La rafale n’est pas toujours celle qu’on croit

Depuis peu "Le Rafale" fend les airs et s’exporte fièrement. Depuis longtemps "La Rafale", pour les marins, s’emporte et se vend trop bien. Elle s’affiche dans tous les bulletins météo, elle délie toutes les langues, elle taquine tous les anémomètres. Quand, au bistrot, on raconte ses exploits, c’est toujours elle que l’on invoque : « Nous avons eu jusqu’à 43 nœuds ».
Mais il y a mistoufle
Officiellement, alors que le vent normal correspond à une moyenne sur 10 minutes, la rafale est une accélération brusque moyennée sur une demi-seconde. C’est une vitesse maximale instantanée.
Le marin lui parle d’un renforcement brutal et passager. La rafale n’est pas si instantanée que ça puisqu’elle change le comportement du bateau. Le voilier se couche respectueusement sous la rafale. L’anémomètre en tête de mât n’est plus à la verticale, il subit des accélérations et mesure n’importe quoi, ou presque.
Mais bon, le marin ressent cette accélération et doit savoir l’exprimer. Il parlera de «rafales» en ayant estimé que la vitesse instantanée dépasse de 10 à 15 nœuds le vent moyen, de «fortes rafales» lorsque la différence atteint 15 à 25 nœuds et de «violentes rafales» lorsqu'elle dépasse 25 nœuds.
Autant dire qu’on ne devrait pas parler si souvent de rafales. Mais surtout on ne devrait pas faire l’amalgame avec la rafale officielle, celle à pompon rouge que mesurent les sémaphores de la Marine Nationale perchés en haut de leur point de vue, et celle, plus consistante, qui descend au ras de l’eau.

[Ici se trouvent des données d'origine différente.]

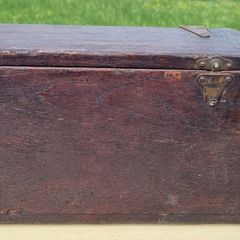 Old wooden box with brass fittings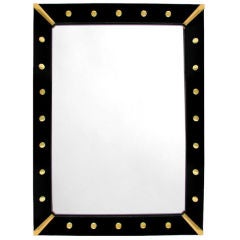 AMERICAN BLACK REVERSE-PAINTED GLASS MIRROR WITH BRASS CORNERS AMERICAN BLACK REVERSE-PAINTED GLASS MIRROR WITH BRASS CORNERS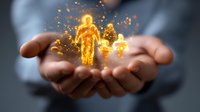Glowing golden human silhouette floating above open palms with magical sparkles and light particles, representing spiritual energy, soul, and divine transformation.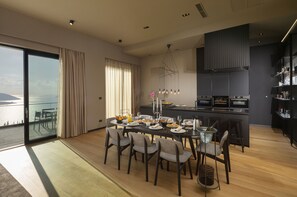 Un'elegante zona pranzo con un tavolo grande apparecchiato per sei persone, una cucina con mobili scuri e vista mare attraverso ampie finestre.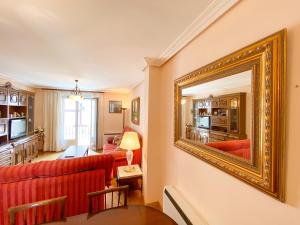sala de estar con sofá rojo y espejo enmarcado en oro en Apartamento Los Leones, en Berlanga de Duero
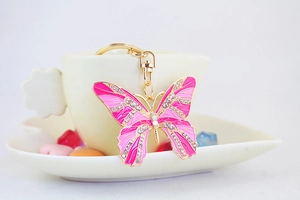 Close-up of pink rhinestone butterfly keychain hanging on a ceramic cup edge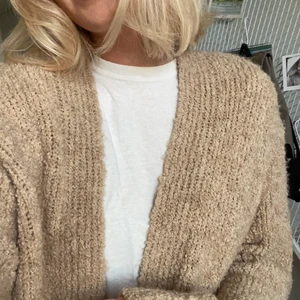 Beige lång kofta - Nyskick! Beige stickad längre kofta som slutar mitt på låren (se bild 3). Fickor på sidorna. Använd 1 gång. Den är inget sticksig alls! 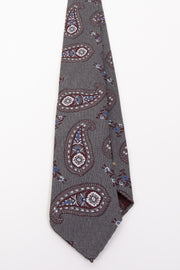 Cravatta sfoderata in seta jacquard con fondo grigio melange con grandi paisley rossi bianchi e azzurri   - Fumagalli 1891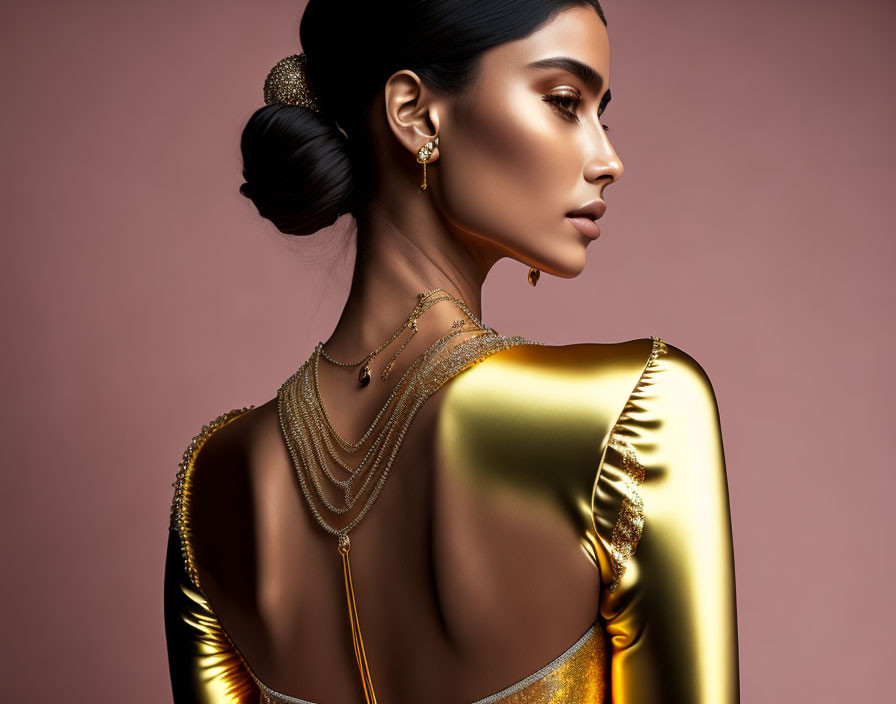 Elegant woman in gold dress with updo and jewelry on pink backdrop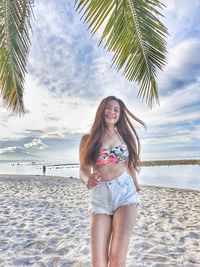 Young woman smiling while standing on beach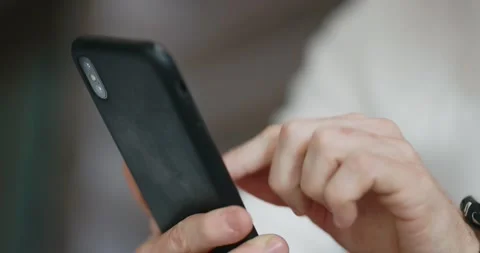 Close-up of male hands using mobile phone Stock Footage 197816857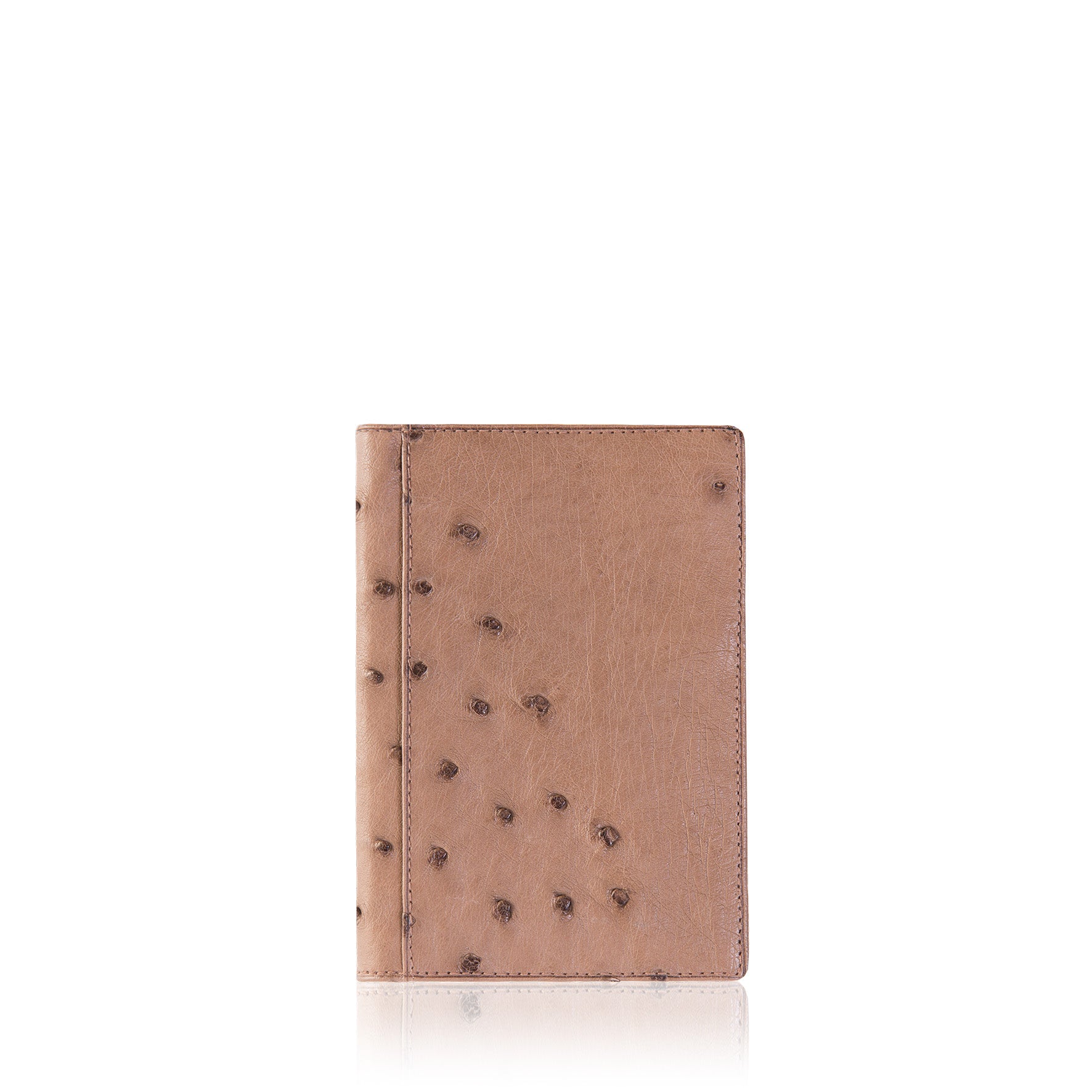Brown leather wallet with black speckles on a white background
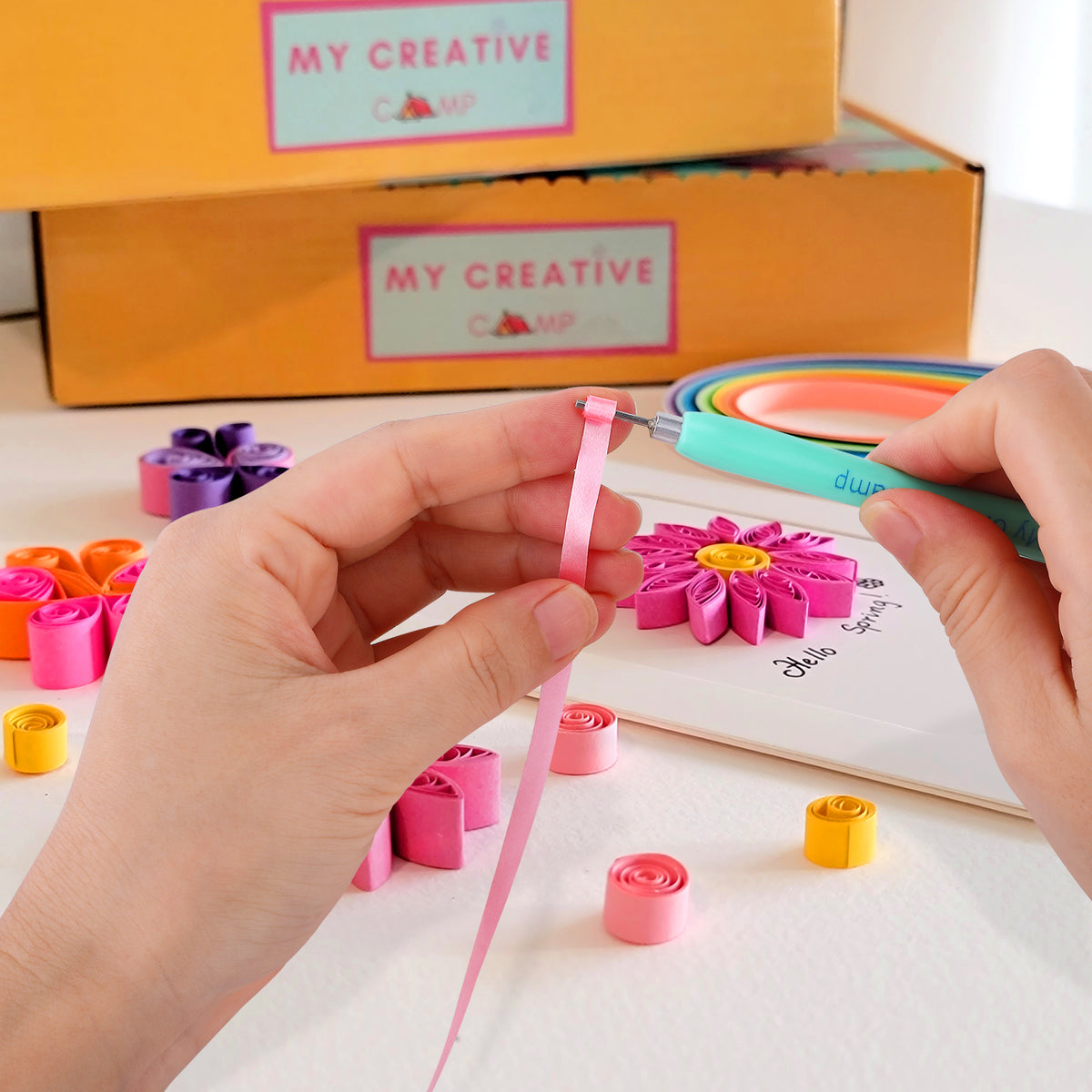 Hands crafting paper flowers with tools and materials on a table, featuring 'My Creative Camp' branding.  paper quilling slotted tool.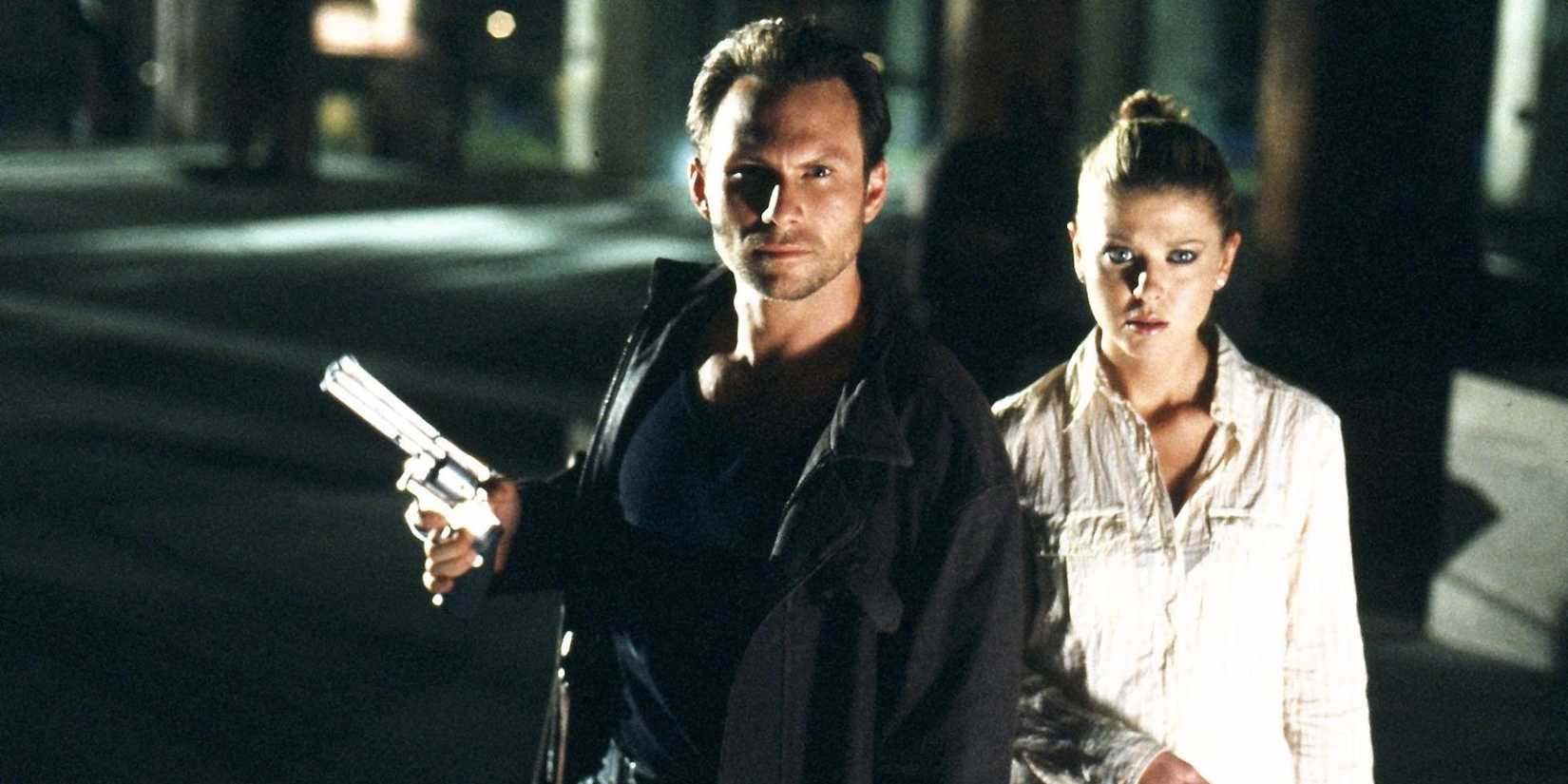 A man and a woman looking ahead in Alone in the Dark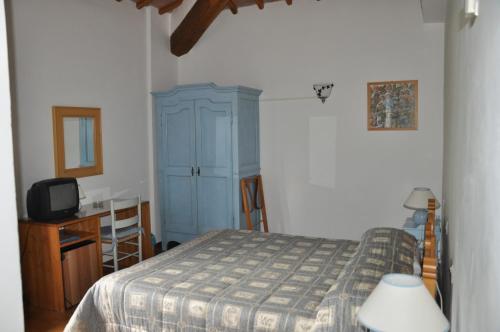 a bedroom with a bed and a blue cabinet at Villa Acquafredda in Orvieto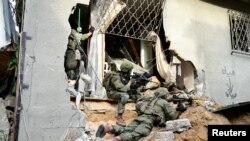 Israeli soldiers operate at the Shajaiya district of Gaza City amid the ongoing conflict between Israel and the Palestinian Islamist group Hamas, in the Gaza Strip.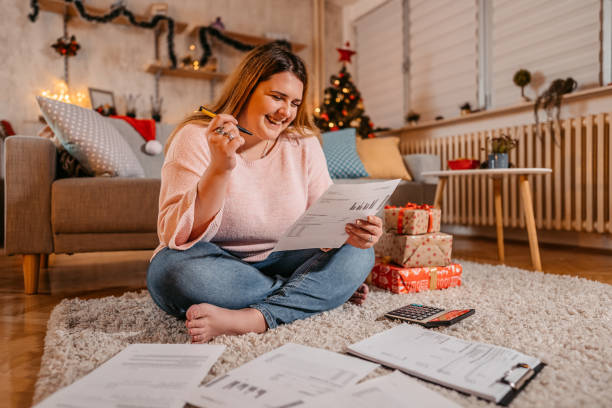 istock Young woman paying bills at Christmas 1355123579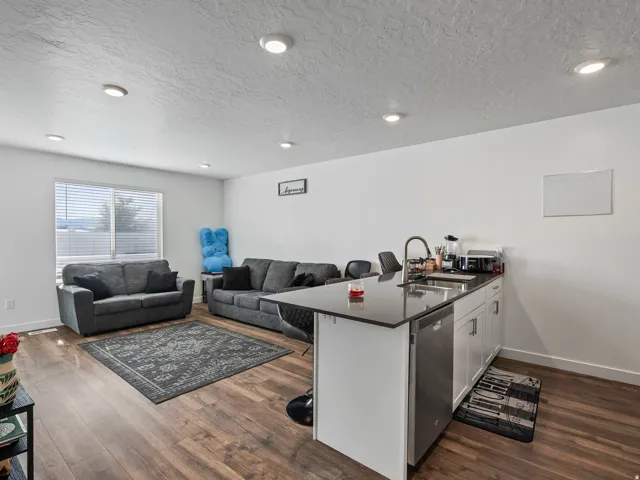 Open-concept living space with wood-finish flooring, recessed lighting, and a kitchen island featuring a sink and dishwasher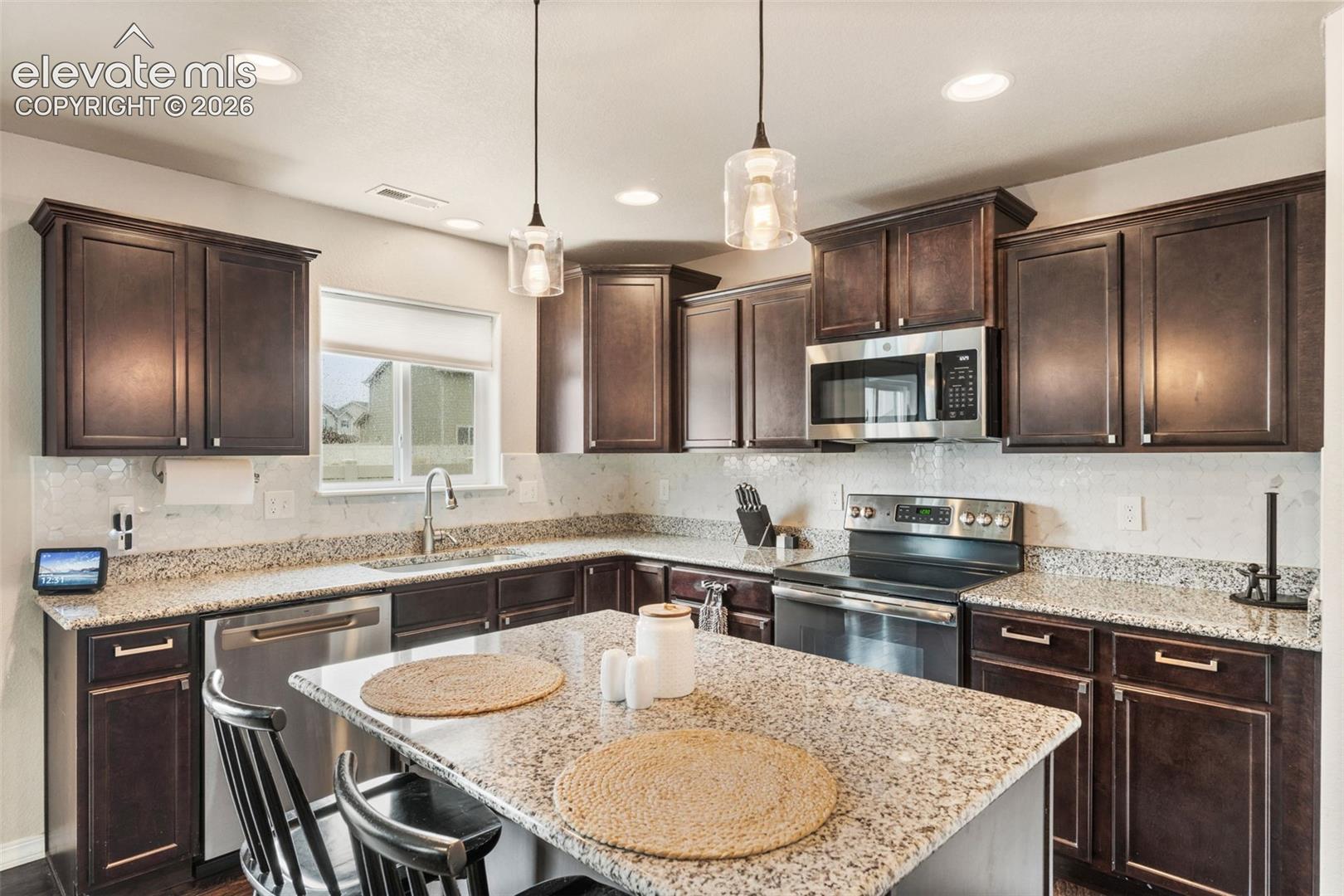 Kitchen featuring dark wood cabinetry, light-toned countertops, stainless steel appliances, and recessed lighting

En réalité chacun voit rafale à sa porte
Le prévisionniste a pris l’habitude, dans ses bulletins extrêmement détaillés, de mentionner toute accélération du vent, aussi faible soit-elle. L’idée est de donner au régatier une idée de l’humeur du vent. Ses sautes seront-elles insignifiantes ou bénéfiques ou handicapantes ? Cette pseudo-rafale se veut indice.
Le sémaphoriste qui respecte rigoureusement le code OMM (Office Mondial Météorologique) communiquera la vitesse maximale mesurée sur ½ seconde dans l’heure précédente. Sachons interpréter, minimiser, les rafales mesurées au sémaphore qui est situé en altitude et souvent sur un cap pour étendre sa vue de la mer, au détriment d’une mesure représentative du vent de surface en mer.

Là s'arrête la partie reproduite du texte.